Sensible organizations have learnt from this - hence the delayering of many corporate bureaucracies and growth of outsourcing. It's a very dim firm these days that thinks the personality of its chief executive matters more than corporate structure, strategy or market positioning.
But when we look at political parties, we see the opposite development - an increasing obsession with leadership and centralism; just look how party conferences have declined from policy-making bodies to mere rallies.
I suspect one reason why increasing numbers of us aren't voting or joining mainstream parties is a dissatisfaction, albeit inarticulated, with this fixation upon leadership.
This raises the question: why are the parties out of step with public sentiment and intellectual developments?
Undoubtedly, the MSM is part of the story. Its obsession with personalities rather than difficult questions of policy, allied to journalists' natural tendency to cringe in front of wealth, power and "senior sources", encourages the leadership illusion. But is this the whole story?
This is a good theme to hammer away on and I'm glad you hammer at it so well. But I fear that you overestimate the smartness of the private sector:
"It's a very dim firm these days that thinks the personality of its chief executive matters more than corporate structure, strategy or market positioning."
Really?
My impression is that firms think personality of CEOs matters a whole lot and that they are just as vulnerable to the lure of leadership+managerialism as the public sector.
Posted by: tom s. | October 16, 2007 at 03:56 PM
I'm inclined to agree, but be careful not to mix up two separate forms of authority. You say that "we've learnt since the around the mid-80s that decentralized decision-making often works best" but that implies exclusive emphasis on what 'works'. That's a technocratic assumption (I shan't say you're being managerialist!).
Weber famously distinguishes between bureaucratic legitimacy and charismatic legitimacy. The first is assured on the basis that things 'work'; the second is assured on the basis that people are aesthetically/emotionally affected by it. People, including Weber himself, crave charismatic legitimacy, precisely because even - or especially - very bureaucratically effective organisations leave them feeling empty.
So there's no contradiction between recognising that decentralised decision-making works best, and having a yearning for someone who will inject something vibrant and feintly irrational into public life.
Posted by: Will | October 16, 2007 at 04:31 PM
The most obvious example is Michael Howard replacing IDS (in the other two three Tory changes of recent times, Major - Hague, Hague - IDS, and Howard - Cameron, there was a leadershp vacancy and one because the leader happiyly left), and I really think the Tories did better in 2005 under Howard than they would have done under IDS.
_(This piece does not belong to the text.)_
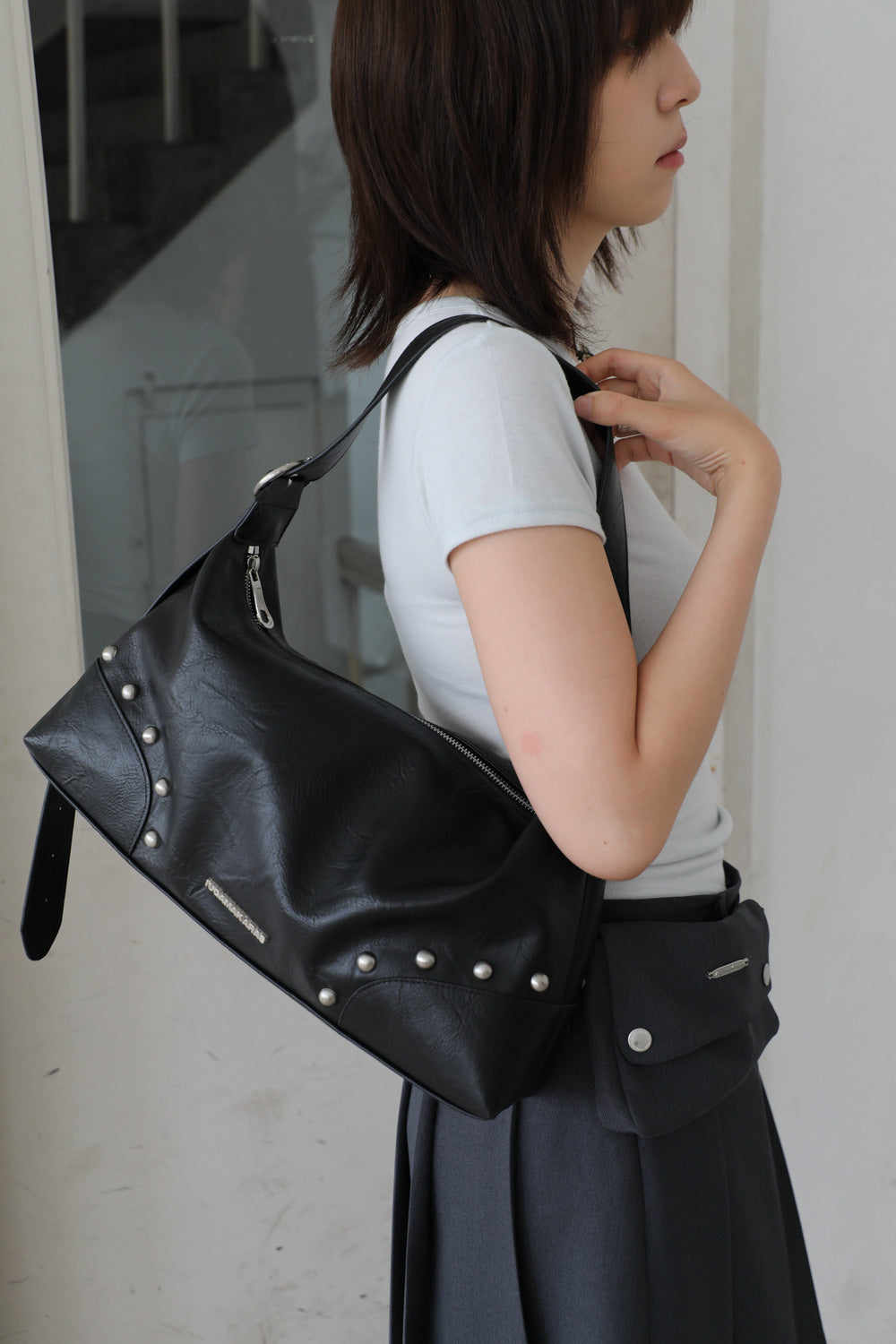 IUGA - Studded Hobo Bag (Black)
Posted by: Matthew | October 16, 2007 at 04:40 PM
The _personality_ of the leader may not matter, but their ability does. Put a clueless loser as the manager of anything and watch it fall apart.
Perhaps the Lib Dems thought Ming was incapable, rather than merely lacking in charisma.
Posted by: william | October 16, 2007 at 06:09 PM
"we've learnt since the around the mid-80s that decentralized decision-making often works best": I observe the managerial failing here of thinking everything is new. The Royal Navy practised decentralized decision-making for many a century.
Posted by: dearieme | October 16, 2007 at 09:51 PM
As a long time sceptic of the "great men" theory of history, I should agree but I am somehow reluctant. I think it has always been that way. Squabbling over the top job, (and watching people do it) is a primate thing. We've been doing it since we were more like baboons.
Posted by: reason | October 18, 2007 at 11:21 AM
The Lib Dem are still the only major party who are not pragmatic. They never swapped to win undecided votes - that's why I consider them future party
Posted by: Faisal | October 18, 2007 at 08:36 PM
"Undoubtedly, the MSM is part of the story. Its obsession with personalities rather than difficult questions of policy..."
I speculate that this is an effect of TV journalism. It can show people doing things much more easily than make reasoned arguments about policy. So instead of (for example) an argument about policy options about the environment, we get photo ops of David Cameron bicycling to Norway.
They show people, not policies.
Blogs may offer an alternative, so in the long term people may start to pay more attention to policy, but this sort of change takes time. After all, right now, no normal person reads a blog on politics.